Cálice

Brasília, dia 6 de dezembro. De veias abertas e sangue correndo. Até que a cidade o esqueça.


Pedras e Fogo


 
Brasília, dia 5 de dezembro. Gabo chegou da Costa Rica na noite anterior. Mas não é a primeira vez que vem ao Brasil. Casou com uma menina de Olinda e trabalha nos sinais das capitais pra sustentar a filha. Conhece o fogo. Só acende as chamas quando o sol se põe. Dos carros as pessoas buzinam pra dar dinheiro. Um menino de rua veio pedir no mesmo sinal. Agora as pessoas fecham os vidros. As chamas se apagam. O menino quer dinheiro. Precisa do brilho do crack. O vendedor se esconde no estacionamento ao lado.

Operários e Espaçonaves

Brasília, dia 4 de dezembro. Primeiros raios de sol iluminam operários nas crateras da lua. Estão ali desde a escuridão. Entre a cúpula da Catedral e o anel do Museu Nacional eles esperam o primeiro ônibus que partirá para as novas construções da cidade-monumento.

O Guardião

Brasília, dia 3 de dezembro. O sol surpreende o último Brasiliário noturno. A noite se foi e ele demora a se recolher.

Amuletos

Brasília, dia 2 de dezembro. Tá relampiano. Vai pra rua da cidade. Exibe seu amuleto no corredor dos carros.

Escondidos

Brasília, dia 1° de dezembro. Planalto Central volta à velha rotina com a mudança do tempo. Na cidade se procura e se encontra, e se perde. Alguns se escondem na sua invisibilidade marginal, rastejando por baixo das pedras portuguesas, soterrando suas estruturas por dentro das artérias quentes da cidade, sentindo por cima os passos pesados da sociedade. Na cidade há uma guerra surda entre Brasiliários que pegam sua comida do lixo e os que pegam sua comida da mesa.

Três Meninas de Brasília

Brasília, dia 30 de novembro.
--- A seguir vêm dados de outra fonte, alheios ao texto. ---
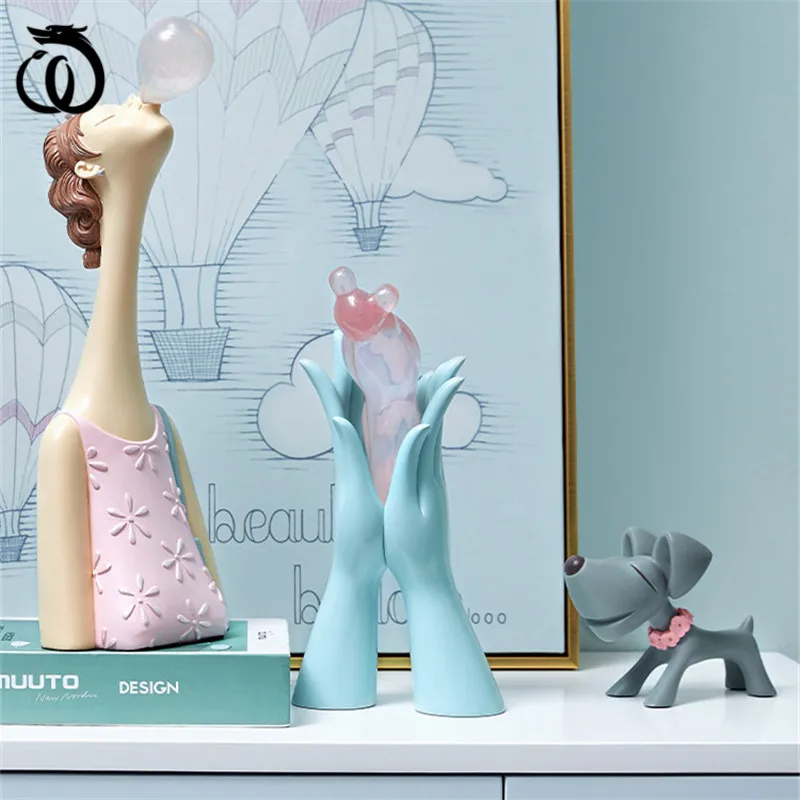 

WU CHEN LONG Nordic Hand Bubbles Girl Statue Figurine Abstract Character Art Sculpture Home Decorations Collectiable R5891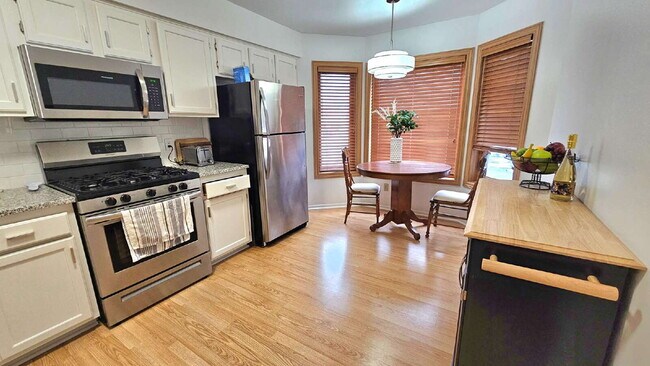Building Photo - 2-Bed Townhouse with open layour in Hopkins – 1290 Sq Ft of Comfort!"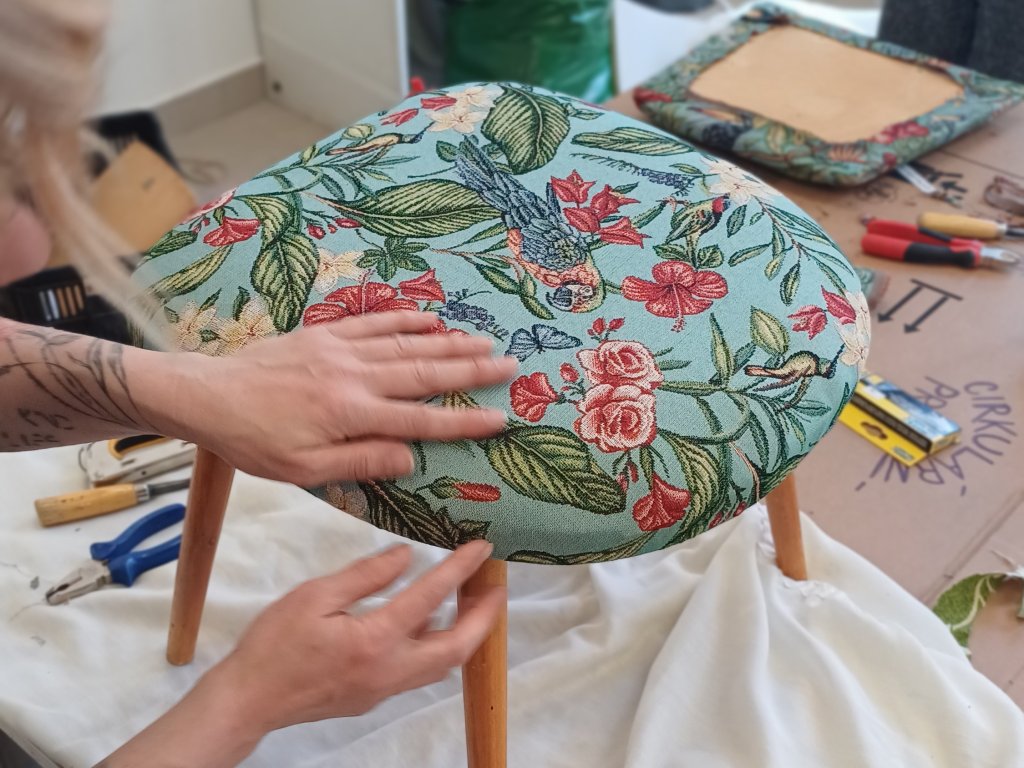 Basics of chair seats upholstery 22.11.2025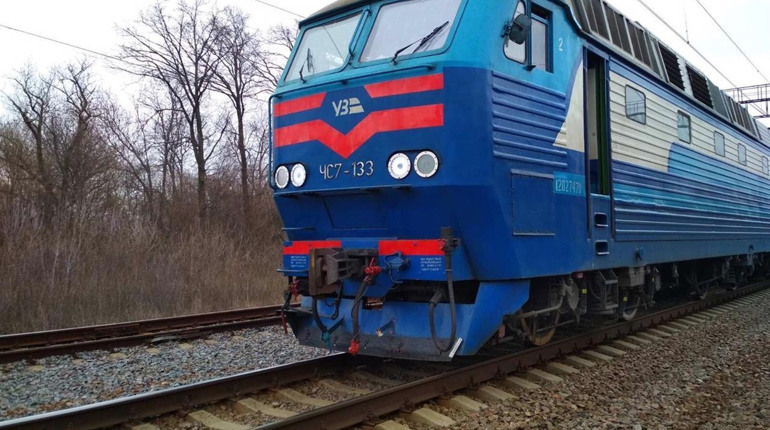 У Краснопавлівці 63-річний чоловік загинув під колесами потяга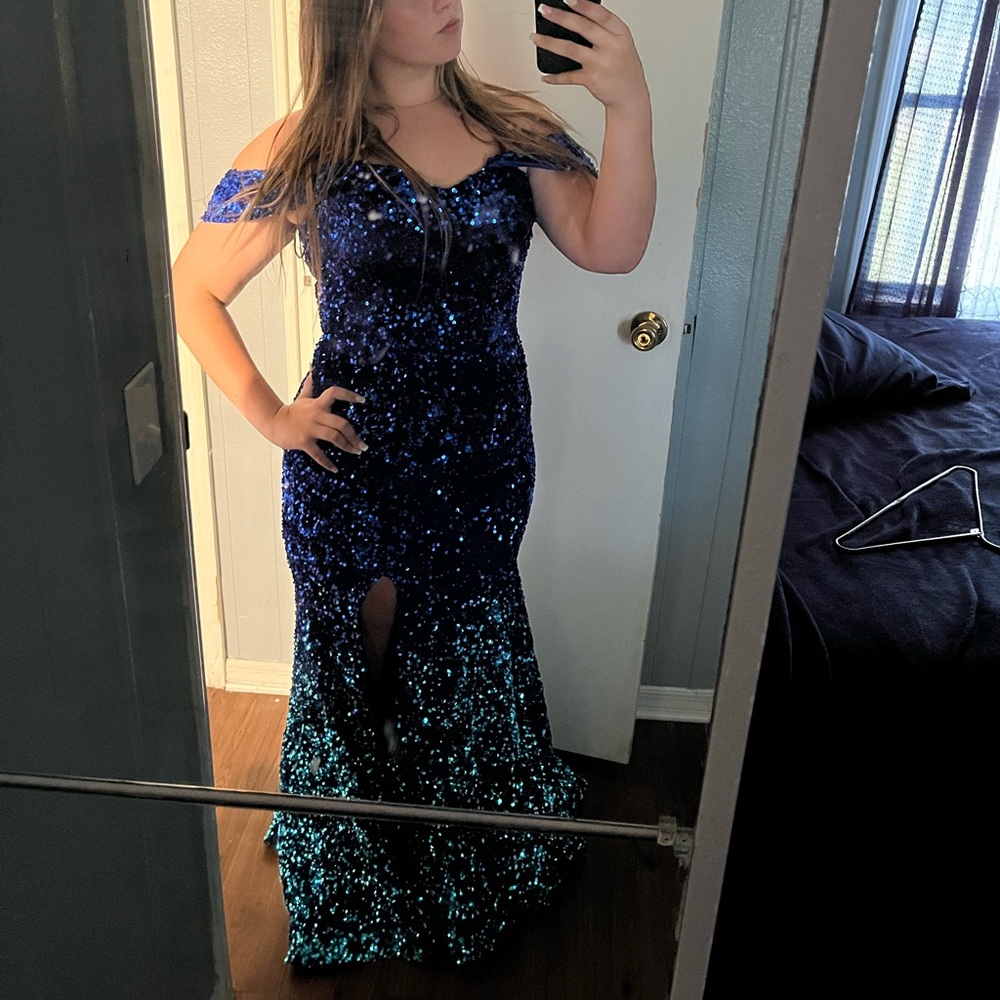 Elegant Blue Sequin Prom Dress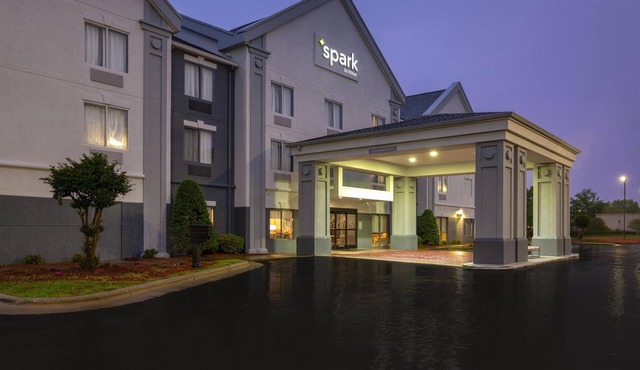 Spark by Hilton Smithfield I-95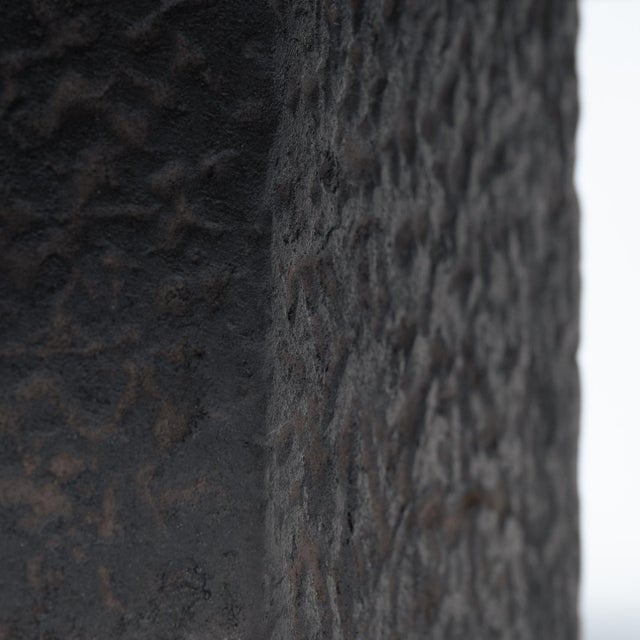 Brutalist Octagonal Coffee Table in Black Stone-Look Resin, 1970s For Sale - Image 6 of 17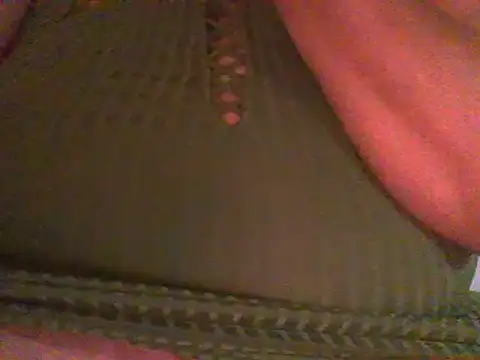 Snapshot of RoxiRedXXX chatting on 01-17-25, 10:01 RoxiRedXXX online show from 01-17-25, 10:01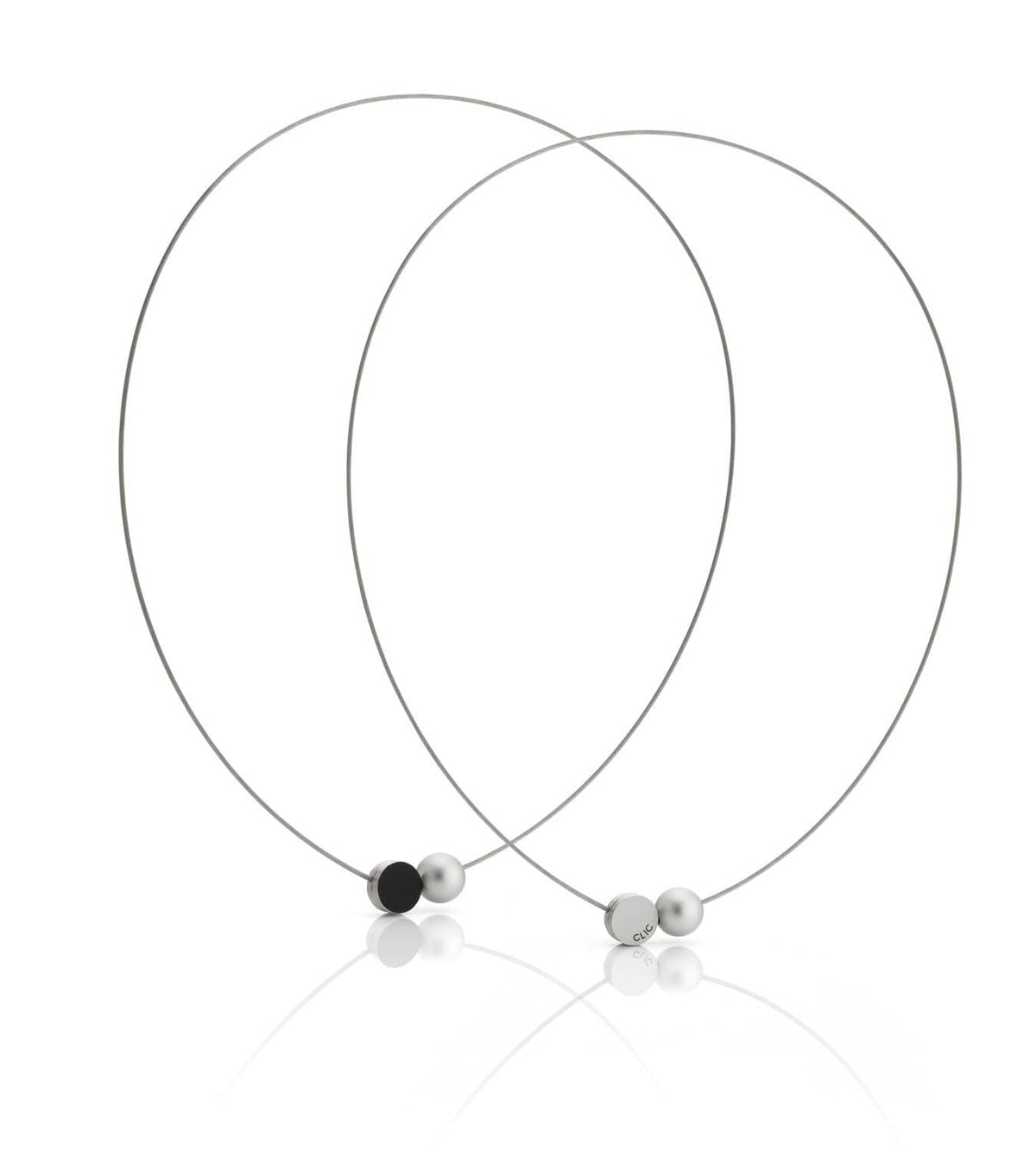 Collar de acero inoxidable con dos esferas, una plateada y una negra, en diseño minimalista.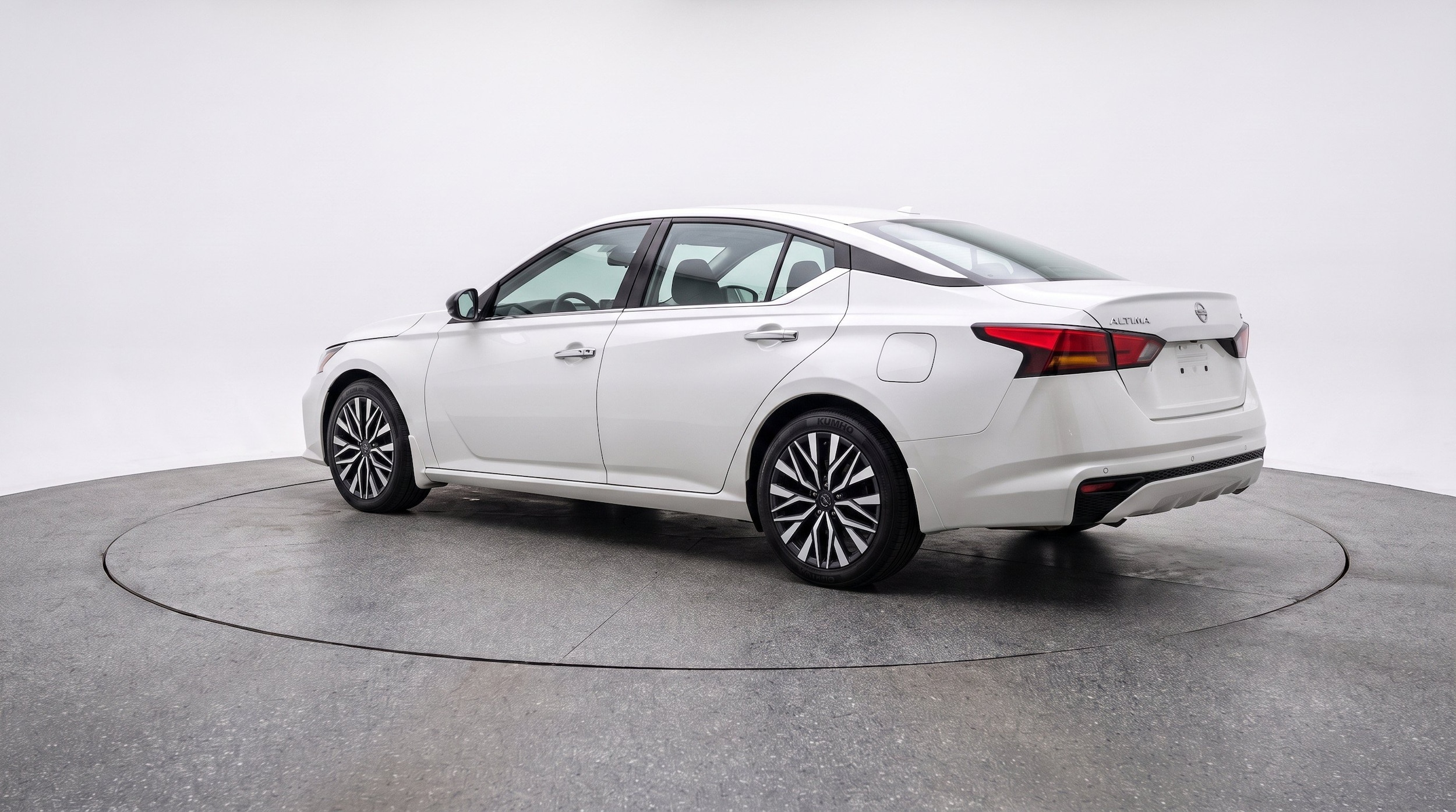 Thumbnail: 2025 Nissan Altima - 6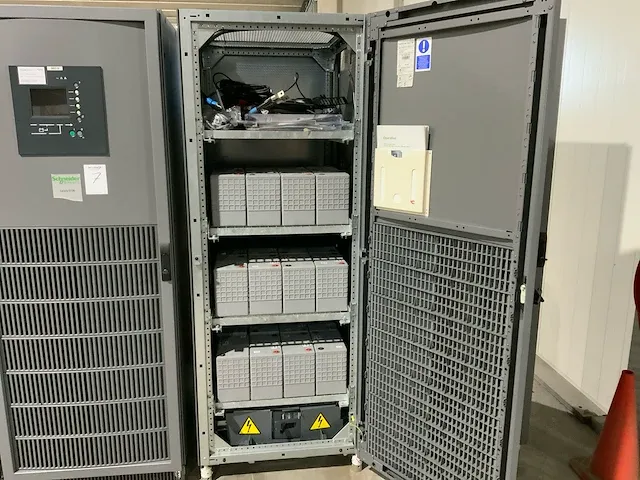 Apc/schneider mge galaxy 5500 driefasen stroombeveiliging “100 kva” - afbeelding 4 van  20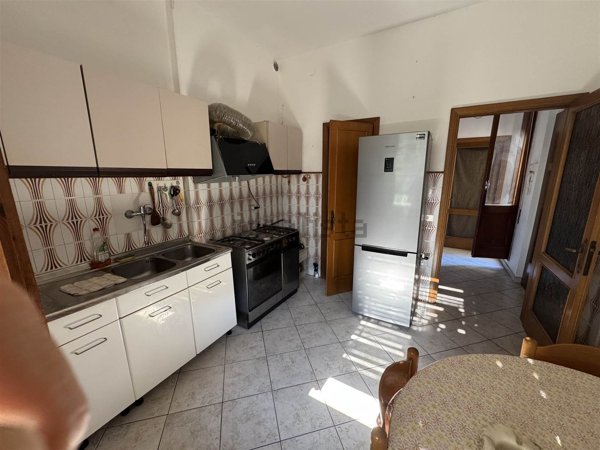 appartamento in vendita ad Empoli in zona Avane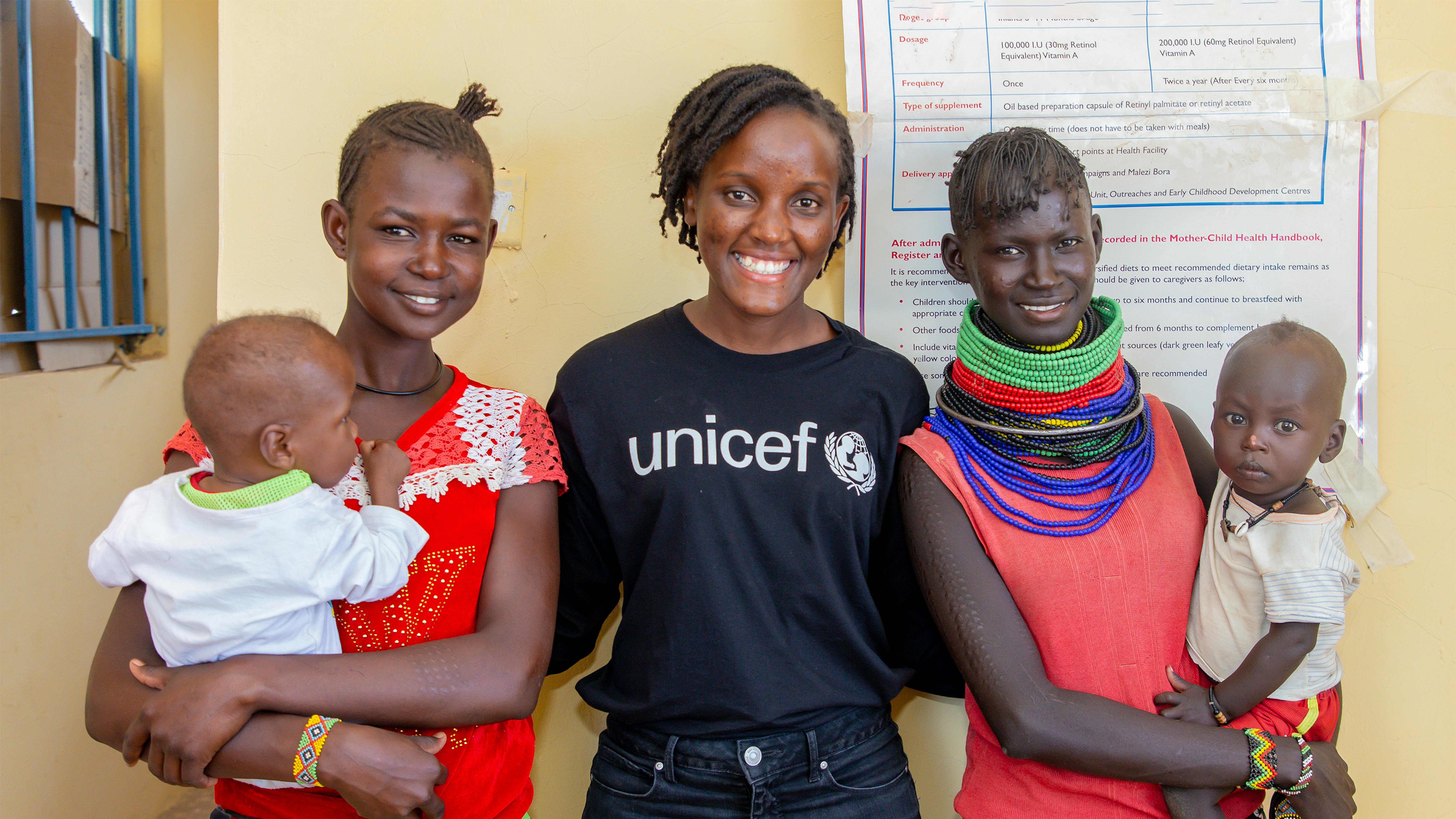 Kenya - Vanessa Nakate (al centro) con due giovani mamme presso la struttura sanitaria di Kobuin.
Desfile em moderna arquitetura. O corpo tem o movimento do Cerrado em dias de chuva, de nuvens gigantes e pretas que dançam coreografias lentas.

A Face Oculta

Brasília, dia 29 de novembro. Brasiliários se protegem da luz em seminvisibilidade. O sol queima pedras portuguesas e abre artérias azuladas no chão da cidade.

A Evolução

Brasília, dia 28 de novembro. A chuva já não assusta mais. Roupas molhadas, calçados pesados. Ficou decidido que ninguém sairia na rua protegido. O guarda-chuva foi proibido. Assim como se adaptaram ao sol, os Brasiliários começam a se adaptar à agua.

Na Rotina

Brasília, dia 27 de novembro. Alguns dias são mais iguais do que outros. Quantas vezes neste ano um Brasiliário terá atravessado a mesma faixa de pedestre?

Estampado

Brasília, dia 26 de novembro. Em noites de chuva ela circula pelo Setor de Clubes Norte, com guarda-chuva estampado, iluminando a escuridão da cidade.

O Escuro das Horas

Brasília, dia 25 de novembro. Neste lado da cidade, onde não há residências, só a obrigação do trabalho, as pessoas têm pressa. Passam correndo por quarteirões que não são de ninguém, escapando às ruas que, dizem, já colocaram raízes nos pés de alguém.



Metamorfoses

Brasília, dia 24 de novembro de 2009. Do alto do Setor Comercial Sul, as pessoas têm cabeça de guarda-chuva e pernas pequenas. Mas isso é só quando chove.

O Encarregado

Brasília, dia 23 de novembro. Segunda-feira, 23h45. O Encarregado foi finalmente incorporado à paisagem. A meio caminho entre o Hospital Sarah Kubitschek e o Pátio Brasil, sua silhueta se estendeu pela cena urbana e pelo semáforo, que era o seu ponto. Não cobrará mais os impostos da opressão. Brasiliários não conseguem mais enxergá-lo. Agora a chuva é sua, toda sua. A noite toda. Impiedosamente.